Keigo cast his eyes down, wrinkling his nose at the bags, at his overgrown nails— claws. The skin of his fingers toughened around the base of the curled black things. He rubbed the rough tips of his fingers together, stooped to his knees, and tried not to think of the squishiness as he dragged the tip of one claw through the stretched plastic. It split easily and folded out like curls of skin, noodly insides spilling onto the ground. Keigo gagged at the stench, but he crouched even closer anyway. He stuck his nails— claws— into the mush and picked it apart. Keigo had a good nose. Better than his mom or dad. He could always smell the bits of rot and around them, he always knew what was too bad to eat. 

The stuff was past bad. He sliced open all three bags and fished through them. Tears stung his eyes as his stomach clenched into ball. “Nothing,” he told his mom, wondering, even as he said it, if there could possibly be something a little edible. It could mostly bad, just the littlest bit good, and he’d eat it. 

“Keigo,” his Mother interrupted his thoughts, and he looked up sharply. “Come here.” 

He scrambled to his feet, scuttling over to the dumpster, and covered his face when her hands snaked towards him. There came none of the gentle whacks, though, just her fingers gripping his ribs and hoisting him up to hang from the lip of the dumpster. 

“In there.” She pointed to a damp-looking square hidden beneath wads of trash. “Do you see it? It’s a book. If you can get it out, it’s yours.” 

Keigo’s heart gave a jolt and his wings fluttered without his thinking of it. They pummeled his mothers face so her fingers curled and scratched as they drew away. He bounded over the edge of the dumpster, touched down in the squishy bowels of it without grace, and scraped the rubbish from the book cover. His eyes bugged at the cover, still slick and gross, but beautiful. Outlines of birds splashed with color decorated the page and were framed with words Keigo couldn’t read yet. But it was the most wonderful thing he’d ever seen. 

He shot out of the dumpster, wings pounding the air feverishly, and presented the book to his mom. 

“You’re welcome,” she said. “It can be your early birthday gift. Don’t ask for anything else, okay?” 

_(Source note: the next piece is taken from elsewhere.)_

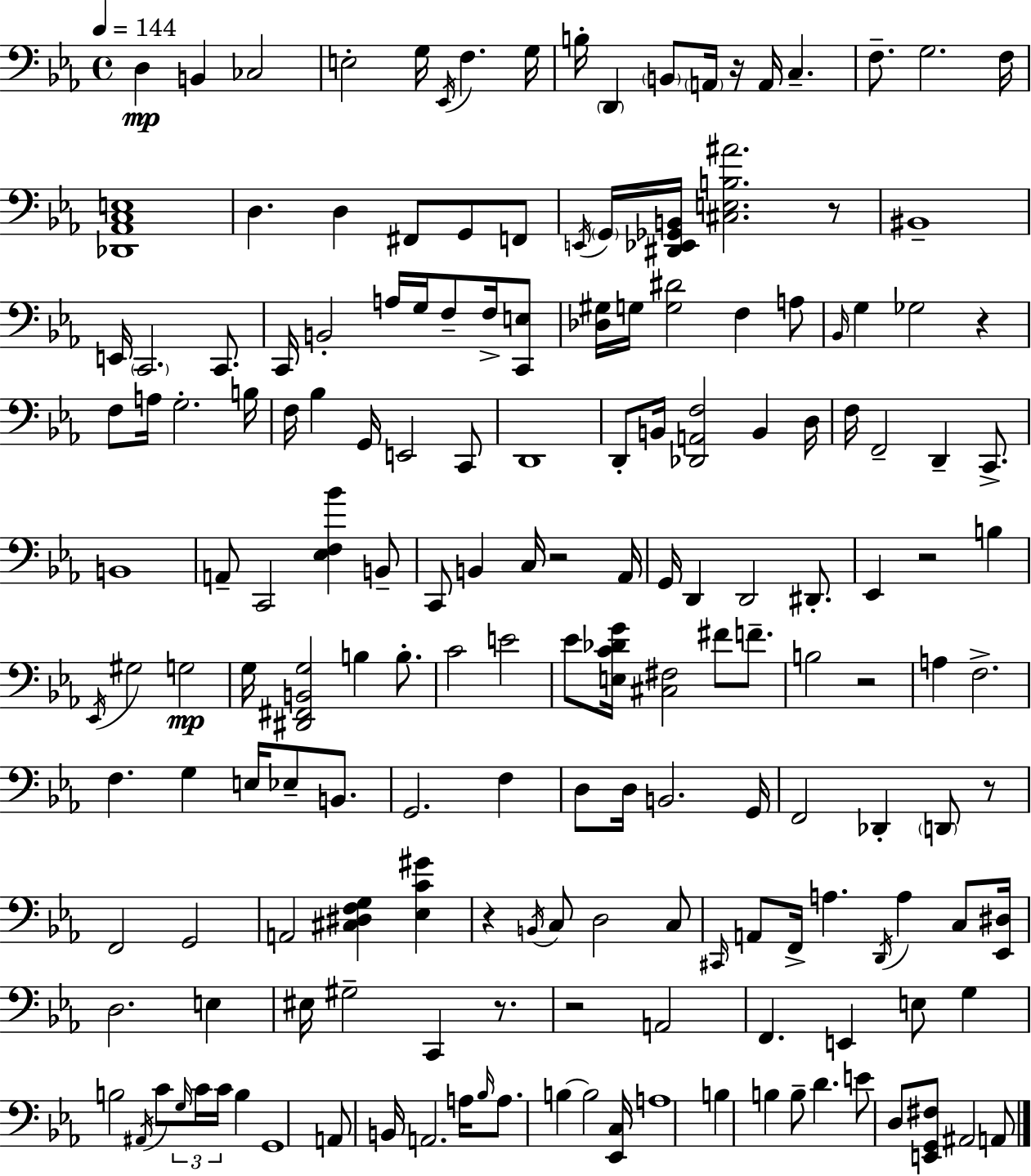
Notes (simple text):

D3/q B2/q CES3/h E3/h G3/s Eb2/s F3/q. G3/s B3/s D2/q B2/e A2/s R/s A2/s C3/q. F3/e. G3/h. F3/s [Db2,Ab2,C3,E3]/w D3/q. D3/q F#2/e G2/e F2/e E2/s G2/s [D#2,Eb2,Gb2,B2]/s [C#3,E3,B3,A#4]/h. R/e BIS2/w E2/s C2/h. C2/e. C2/s B2/h A3/s G3/s F3/e F3/s [C2,E3]/e [Db3,G#3]/s G3/s [G3,D#4]/h F3/q A3/e Bb2/s G3/q Gb3/h R/q F3/e A3/s G3/h. B3/s F3/s Bb3/q G2/s E2/h C2/e D2/w D2/e B2/s [Db2,A2,F3]/h B2/q D3/s F3/s F2/h D2/q C2/e. B2/w A2/e C2/h [Eb3,F3,Bb4]/q B2/e C2/e B2/q C3/s R/h Ab2/s G2/s D2/q D2/h D#2/e. Eb2/q R/h B3/q Eb2/s G#3/h G3/h G3/s [D#2,F#2,B2,G3]/h B3/q B3/e. C4/h E4/h Eb4/e [E3,C4,Db4,G4]/s [C#3,F#3]/h F#4/e F4/e. B3/h R/h A3/q F3/h. F3/q. G3/q E3/s Eb3/e B2/e. G2/h. F3/q D3/e D3/s B2/h. G2/s F2/h Db2/q D2/e R/e F2/h G2/h A2/h [C#3,D#3,F3,G3]/q [Eb3,C4,G#4]/q R/q B2/s C3/e D3/h C3/e C#2/s A2/e F2/s A3/q. D2/s A3/q C3/e [Eb2,D#3]/s D3/h. E3/q EIS3/s G#3/h C2/q R/e. R/h A2/h F2/q. E2/q E3/e G3/q B3/h A#2/s C4/e G3/s C4/s C4/s B3/q G2/w A2/e B2/s A2/h. A3/s Bb3/s A3/e. B3/q B3/h [Eb2,C3]/s A3/w B3/q B3/q B3/e D4/q. E4/e D3/e [E2,G2,F#3]/e A#2/h A2/e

Keigo didn’t know what a birthday was, but a… gift? That was wonderful. He’d never had one of those before. And it was the nicest thing he’d ever gotten. 

When they finally returned home after scrounging unsuccessfully— (Keigo had been twittering with excitement so much that his mom sighed heavily and dragged him home, complaining of the flashiness of his quirk) —he cleaned it up with one of their tattered towels and examined it further. Some of the pages were water damaged beyond repair and at least two were missing. The back cover had rotted partially away. But it was a book with art and words and Keigo spent hours enamored by the drawings, tracing the outlines of the colorful, happy-looking birds. 

It was the nicest thing he owned. He never wanted to put it down. He never would, he decided, as he clutched it against his chest.